(PROVIDED MATERIAL Opens)
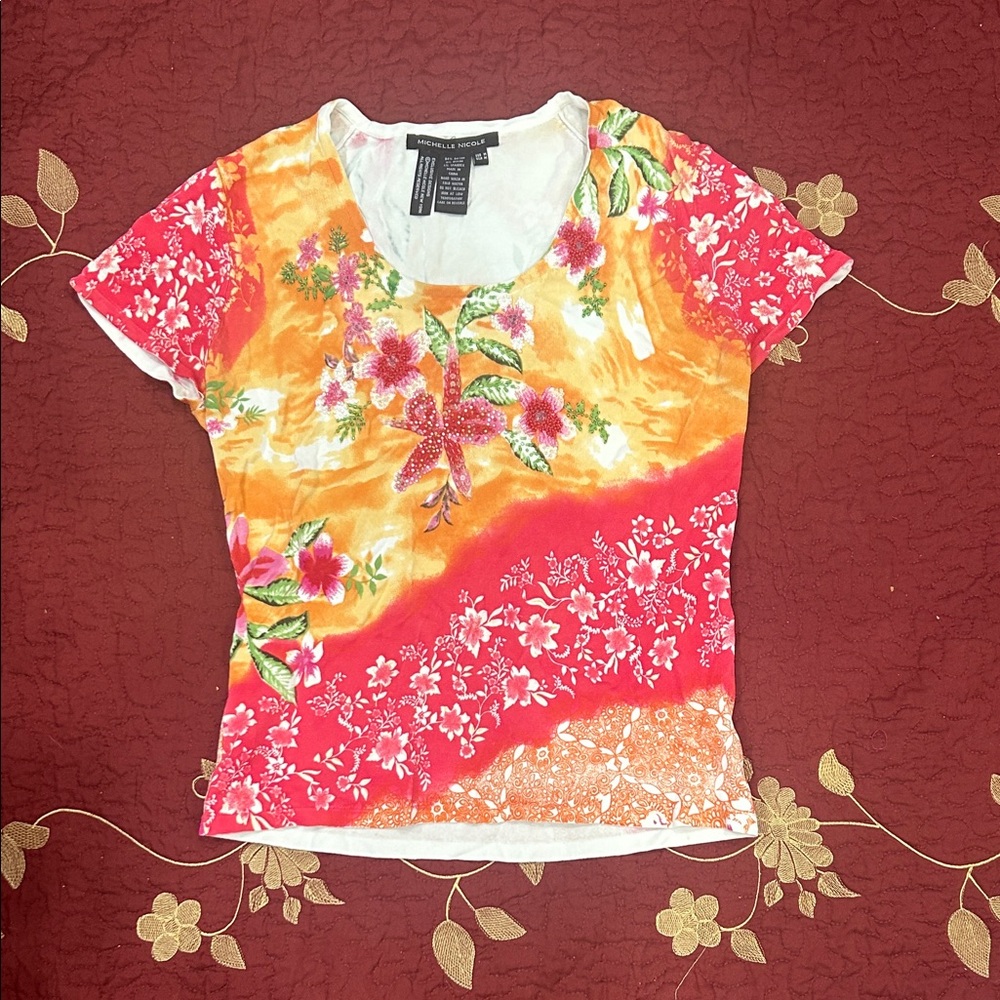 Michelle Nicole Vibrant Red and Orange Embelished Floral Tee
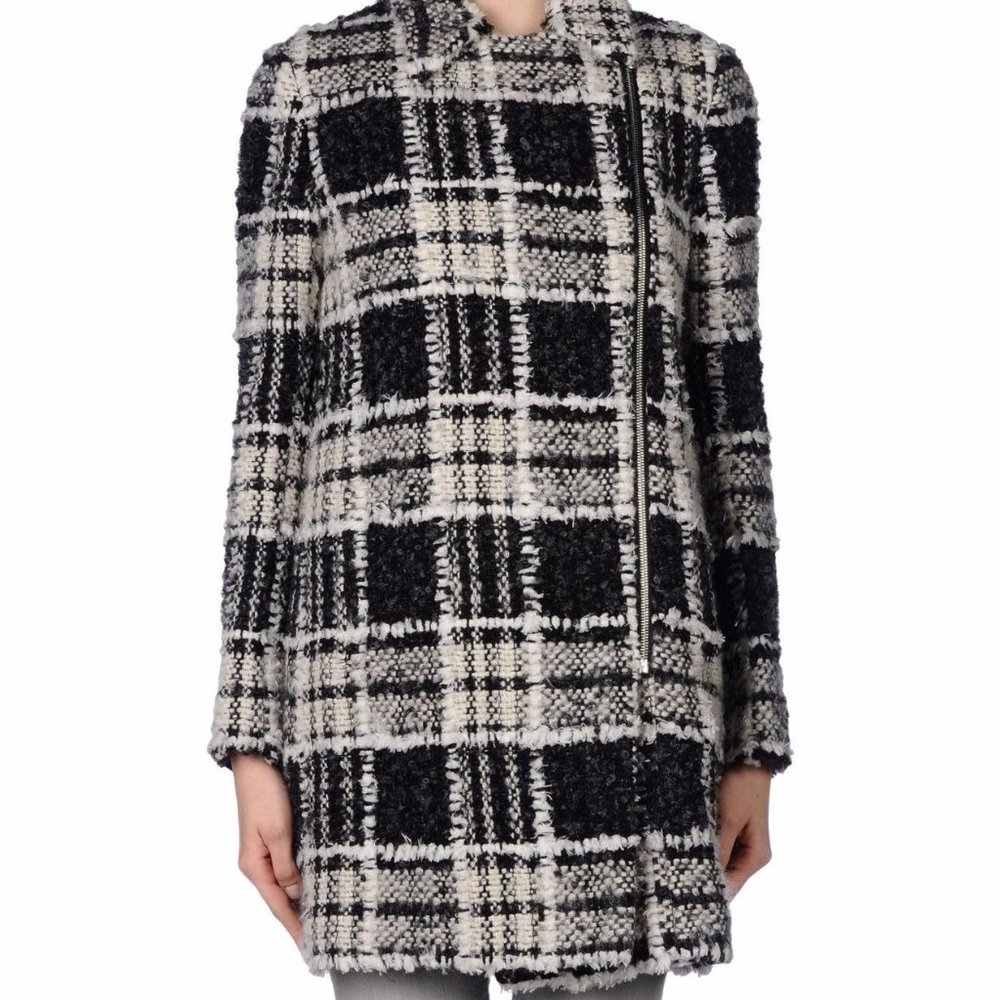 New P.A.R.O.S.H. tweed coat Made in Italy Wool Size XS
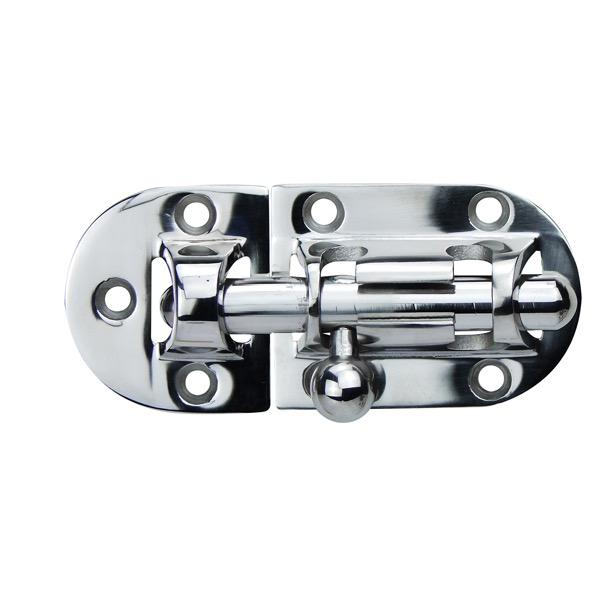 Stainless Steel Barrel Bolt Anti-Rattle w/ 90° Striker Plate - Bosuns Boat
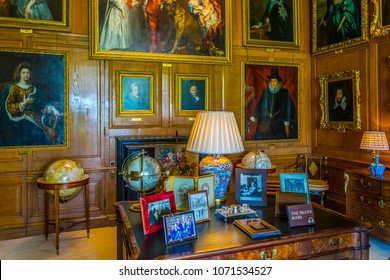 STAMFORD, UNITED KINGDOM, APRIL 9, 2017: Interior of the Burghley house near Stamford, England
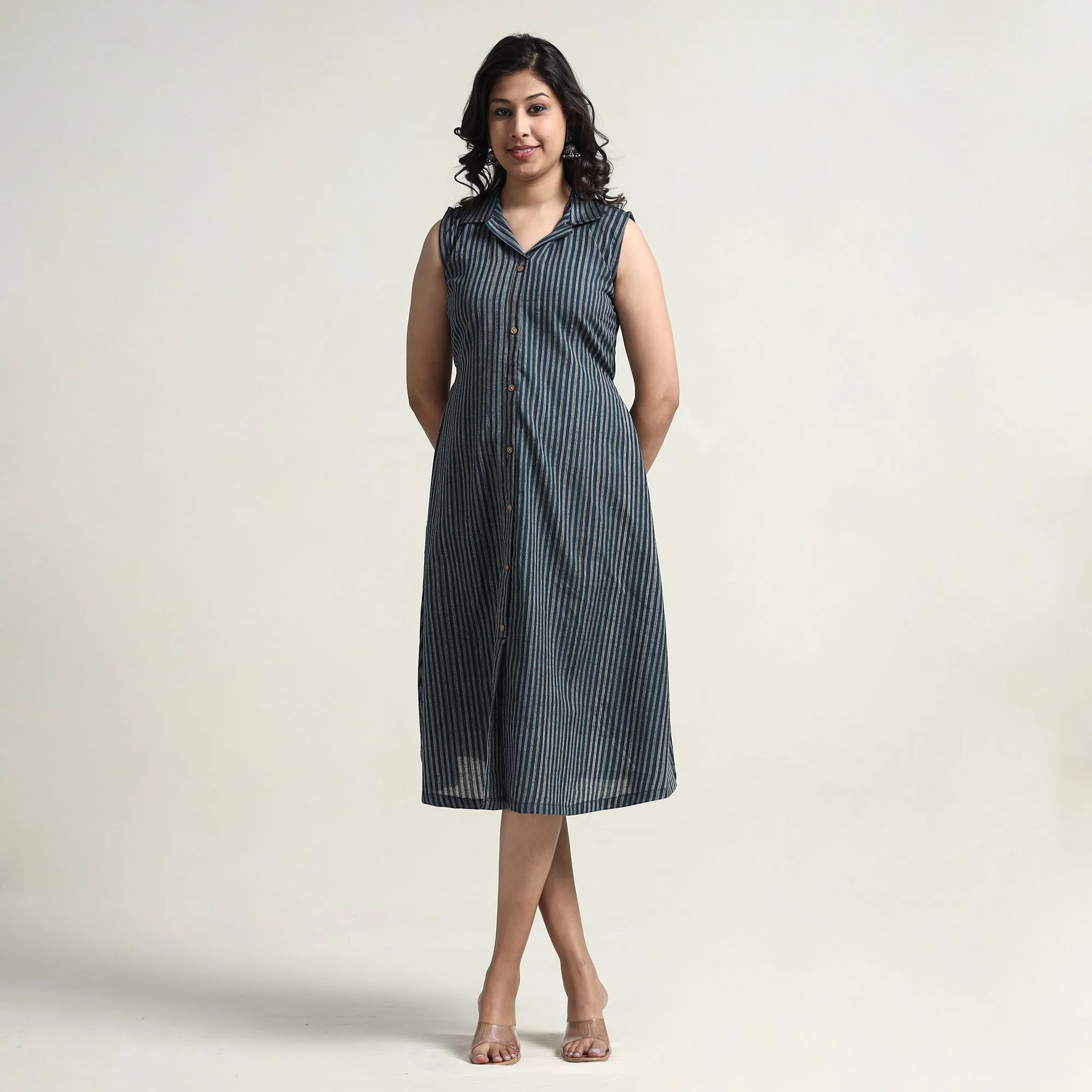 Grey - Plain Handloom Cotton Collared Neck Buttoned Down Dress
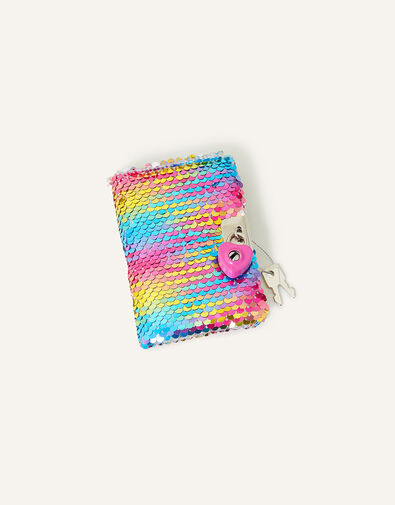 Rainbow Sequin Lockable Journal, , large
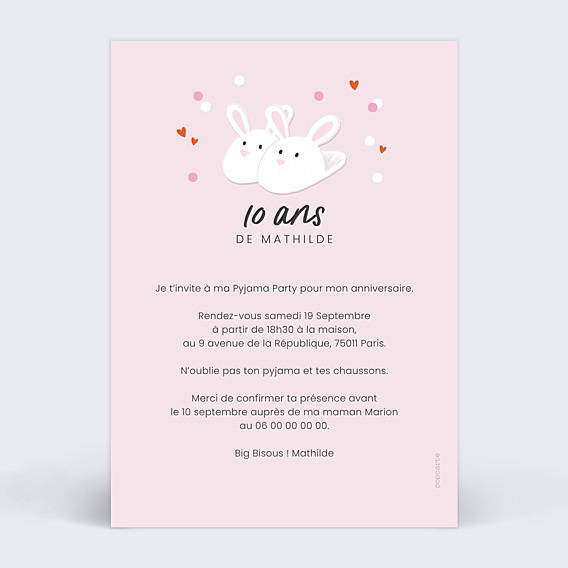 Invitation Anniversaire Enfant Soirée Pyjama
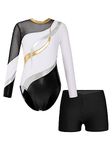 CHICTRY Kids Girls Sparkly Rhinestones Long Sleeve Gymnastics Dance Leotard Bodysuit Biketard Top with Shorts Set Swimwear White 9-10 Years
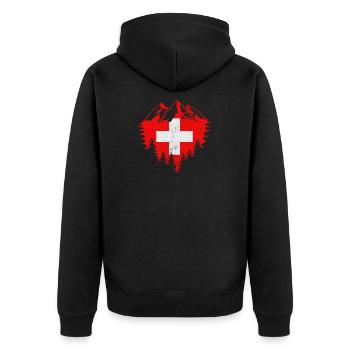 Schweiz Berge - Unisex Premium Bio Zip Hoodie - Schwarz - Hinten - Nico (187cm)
(PROVIDED MATERIAL Closes)
Transcribe exactly the line that contains "Grey - Plain" and each line after it through the end of the listing. Leave out the pictures.

 Grey - Plain Handloom Cotton Collared Neck Buttoned Down Dress
 Rainbow Sequin Lockable Journal, , large
 Invitation Anniversaire Enfant Soirée Pyjama
 CHICTRY Kids Girls Sparkly Rhinestones Long Sleeve Gymnastics Dance Leotard Bodysuit Biketard Top with Shorts Set Swimwear White 9-10 Years
 Schweiz Berge - Unisex Premium Bio Zip Hoodie - Schwarz - Hinten - Nico (187cm)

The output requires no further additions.